Work required: After finding the line that holds "Close up of" below, set down that line and the rest through the final one exactly, leaving the pictures out.

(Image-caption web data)
▼▼▼
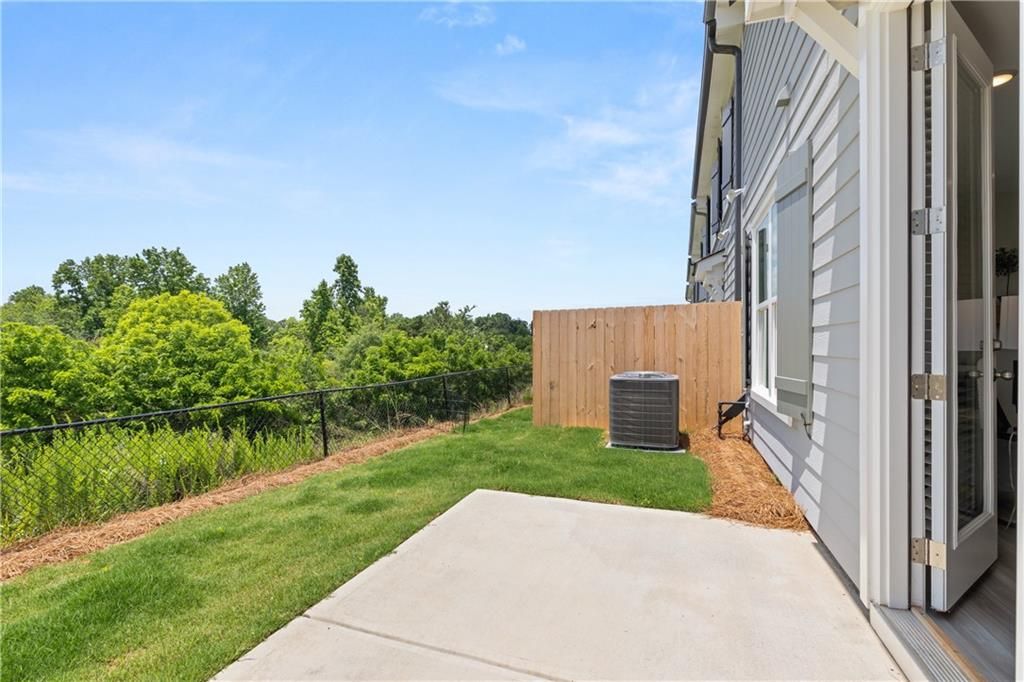 Concrete patio and backyard view at The Wake B floor plan by Davidson Homes in Hemingway, Cumming, Georgia.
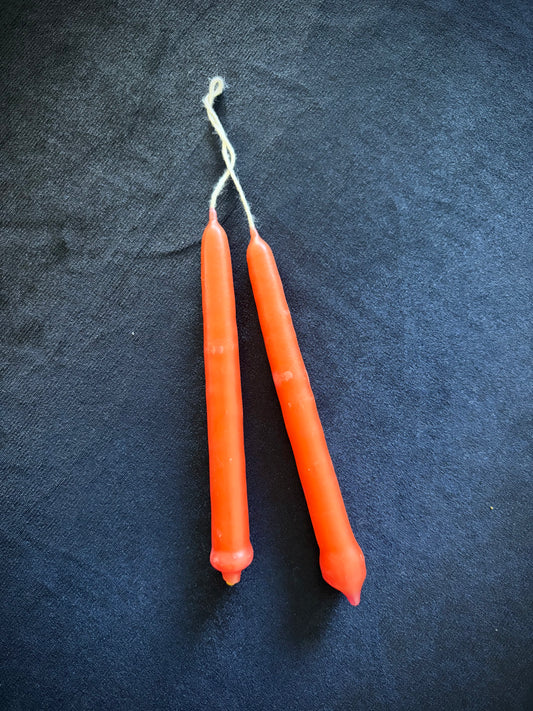 Two Small Spell Candle Orange sticks on a dark background, ideal for rituals and enhancing intentions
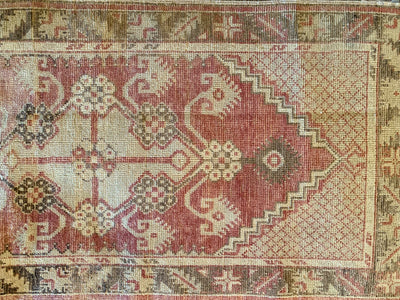 Close up of hand knotting on a small red & orange Cal Turkish rug.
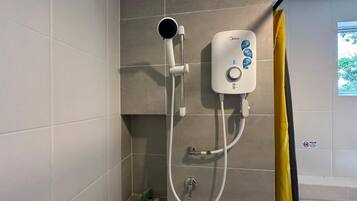 Un baño con ducha, panel de control y retrete.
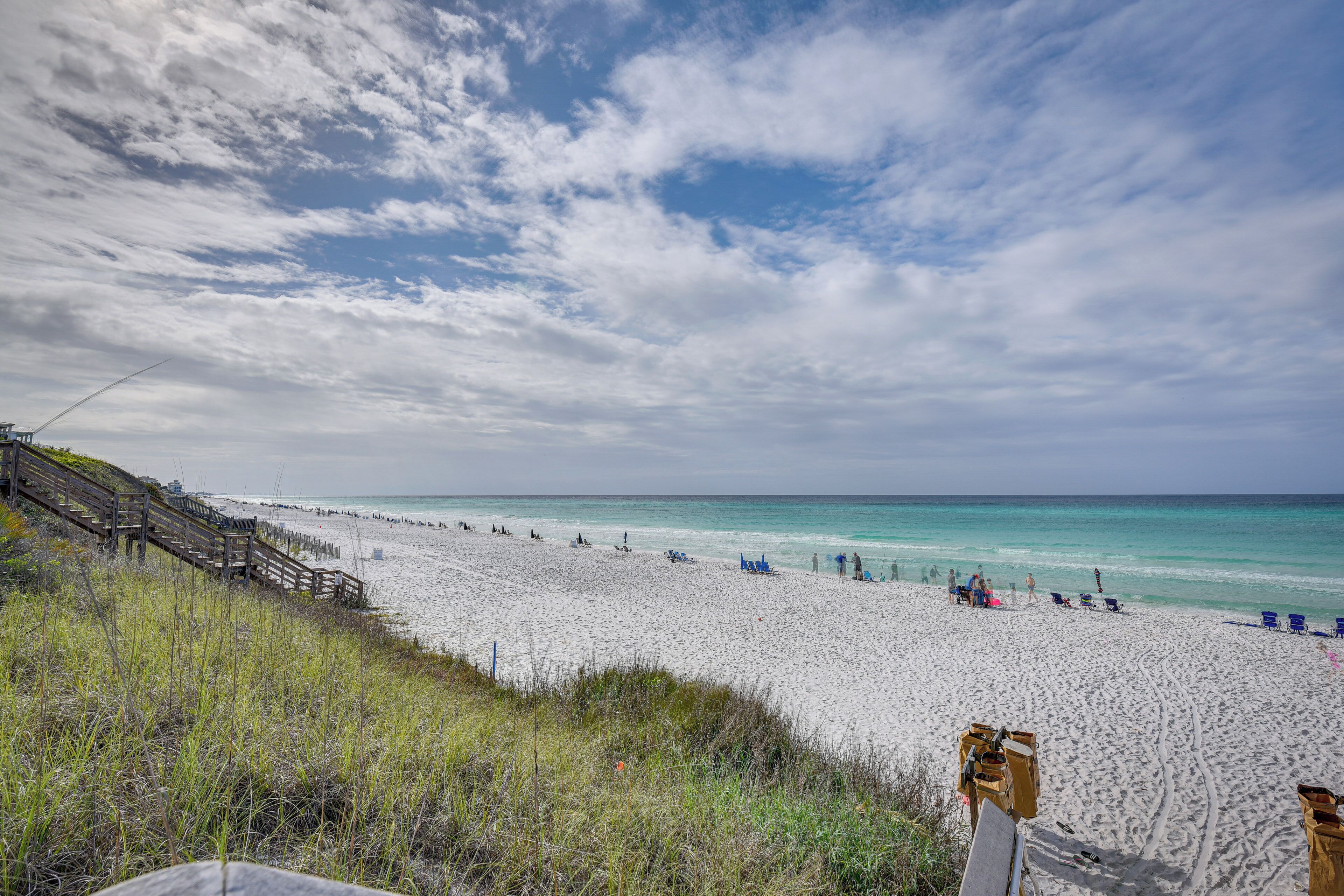 A beach with a wooden staircase leading down to the shore, a sandy beach, and a clear sky.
▲▲▲
Finished task:
 Close up of hand knotting on a small red & orange Cal Turkish rug.
 Un baño con ducha, panel de control y retrete.
 A beach with a wooden staircase leading down to the shore, a sandy beach, and a clear sky.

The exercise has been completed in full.